From: Carlo Wood (carlo_at_[hidden])
Date: 2004-09-13 07:33:03
On Mon, Sep 13, 2004 at 12:55:54AM -0500, Aaron W. LaFramboise wrote:
> Carlo Wood wrote:
> >>3. User programs compiled for platform A, and linking with
> >> a shared versions of this library - do not need to be
> >> able to run on platform B (with same architecture)
> >> without recompilation.
> > I don't see any benefit in allowing any kind of binary
> > portability. Actually - I think that this is rather trivial
> > issue as I think that most of boost already enforces this.
> > It would restrict the design enormously and put unneccessary
> > strain on the efficiency of the implementation to maintain
> > an ABI interface for this library. Just added this topic
> > to make this clear once and for all ;).
> What do you mean by 'platform' and what do you mean by 'architecture'?
> Is this non-guarantee different from the usual non-guarantee of
> different compilers being binary incompatible?
I am afraid that this whole point is too trivial, I shouldn't
have added it: its not worth the confusion.
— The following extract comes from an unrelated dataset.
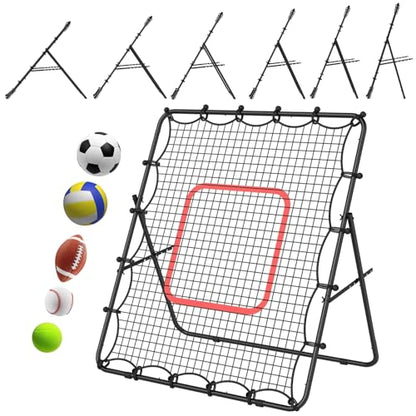 LIANTRAL Baseball Rebounder Net 4 x 4.5FT - Portable Bounce Back Trainer for Soccer, Volleyball, Softball & Lacrosse, Adjustable Kickback Target Goal for Shooting, Passing & Control Training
What I am trying to say is that an application that uses
boost.muliplexor will need a total recompile on every platform
it is supposed to run on - not only a separate compile of the
multiplexor library - but a separate compile of the application
itself as well. There will be no way that any part is binary
Basically one could demand that a statically linked application
that runs on intel - but uses 'dlopen' to load the multiplexor
library - should be able to run on both linux and i386-solaris
without recompilation. Apart from that being a ridiculous
demand - I think it will be impossible to write the library in
such a way that this can be supported. I don't think its worth
the time to go into the reason for that observation ;).